*** Opening of The data ***
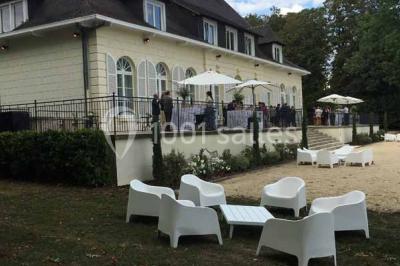 Véhicule tout-terrain rouge stationné sur des marches en pierre devant un bâtiment avec de grandes fenêtres.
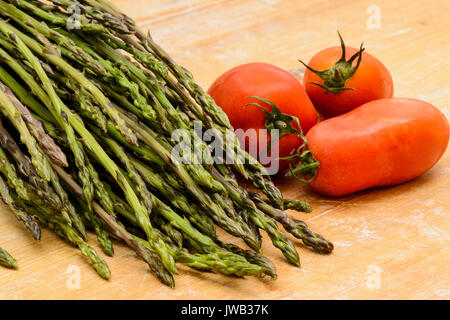 Un bouquet d'asperges avec les tomates sur une planche à découper en bois. Close up format paysage. Banque D'Images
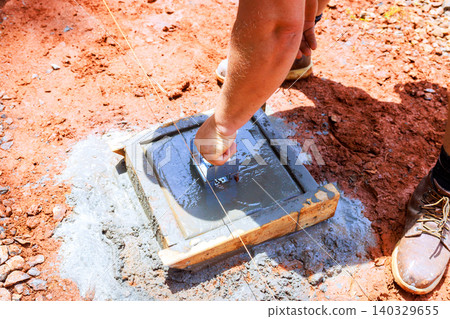 Worker install anchor bracket mixes levels cement in wooden frame at construction site Worker install anchor bracket mixes levels cement in wooden frame at construction site 140329655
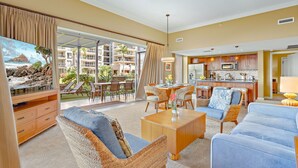 A spacious living room with a large TV, comfortable seating, and a view of a balcony with outdoor furniture. - Maui Resort Rentals: Honua Kai Hokulani 109 – Ground Floor Interior Courtyard 2BR, Steps to Beach/Pools, Large Lawn Area, Partial Ocean Views! (Lahaina)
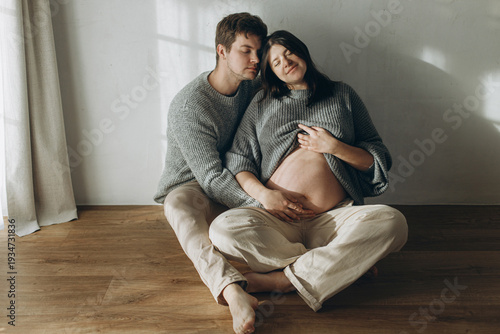 Stylish pregnant couple hugging baby bump and sitting on floor. Fertility, healthy pregnancy and expecting new life concept. Happy Family in cozy sweaters and jeans holding pregnant belly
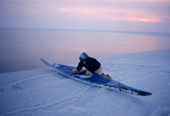 Qaerngak Nielsen, an Inuit hunter, checks his kayak at the ice edge near Cape York. N.W.Greenland. 1998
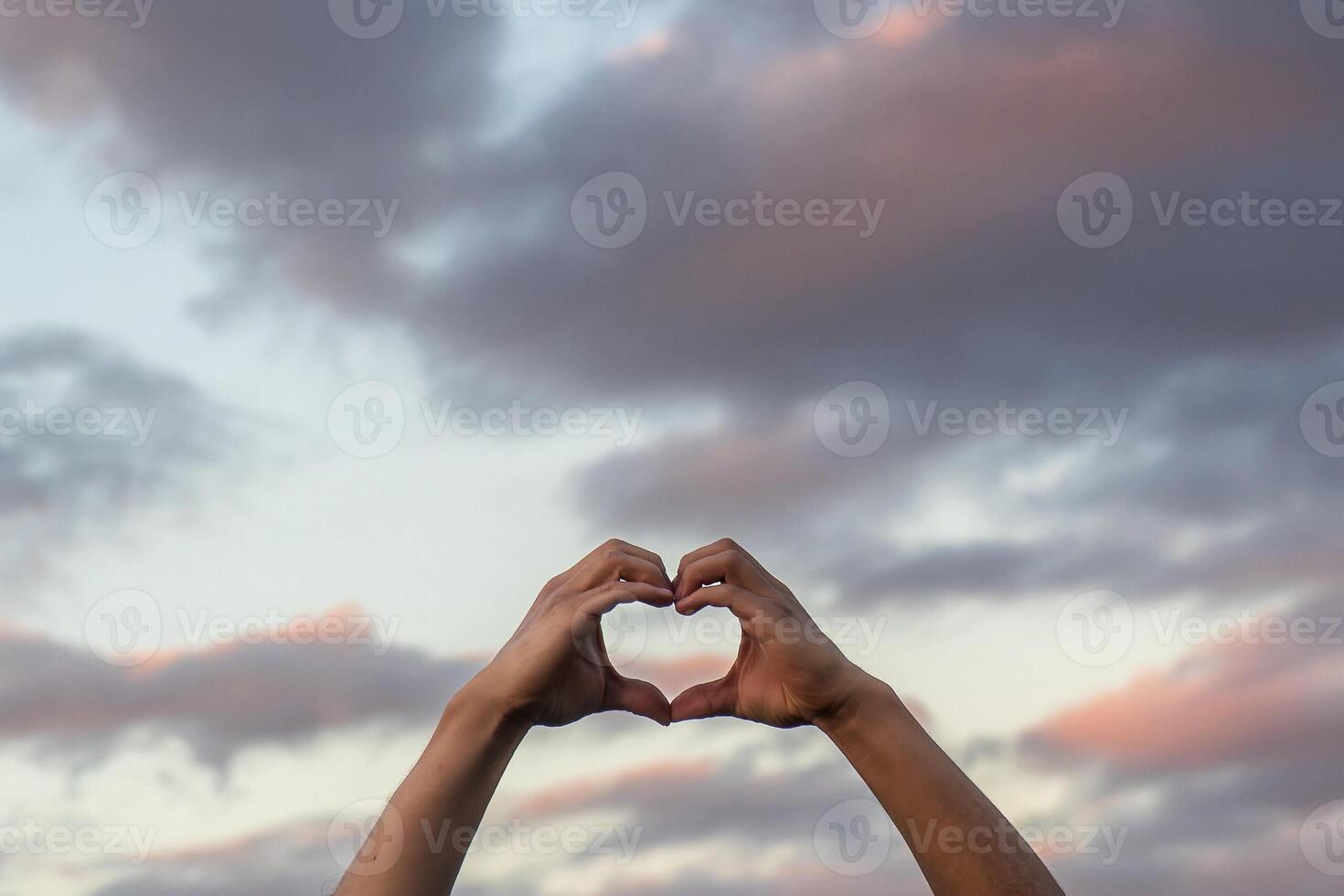 Heart shaped hands against a sunset photo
*** Close of The data ***
■ Task details ■
The answer must restate each entry word for word and contain no images.

■ Completed task ■
 Véhicule tout-terrain rouge stationné sur des marches en pierre devant un bâtiment avec de grandes fenêtres.
 Un bouquet d'asperges avec les tomates sur une planche à découper en bois. Close up format paysage. Banque D'Images
 Worker install anchor bracket mixes levels cement in wooden frame at construction site Worker install anchor bracket mixes levels cement in wooden frame at construction site 140329655
 A spacious living room with a large TV, comfortable seating, and a view of a balcony with outdoor furniture. - Maui Resort Rentals: Honua Kai Hokulani 109 – Ground Floor Interior Courtyard 2BR, Steps to Beach/Pools, Large Lawn Area, Partial Ocean Views! (Lahaina)
 Stylish pregnant couple hugging baby bump and sitting on floor. Fertility, healthy pregnancy and expecting new life concept. Happy Family in cozy sweaters and jeans holding pregnant belly
 Qaerngak Nielsen, an Inuit hunter, checks his kayak at the ice edge near Cape York. N.W.Greenland. 1998
 Heart shaped hands against a sunset photo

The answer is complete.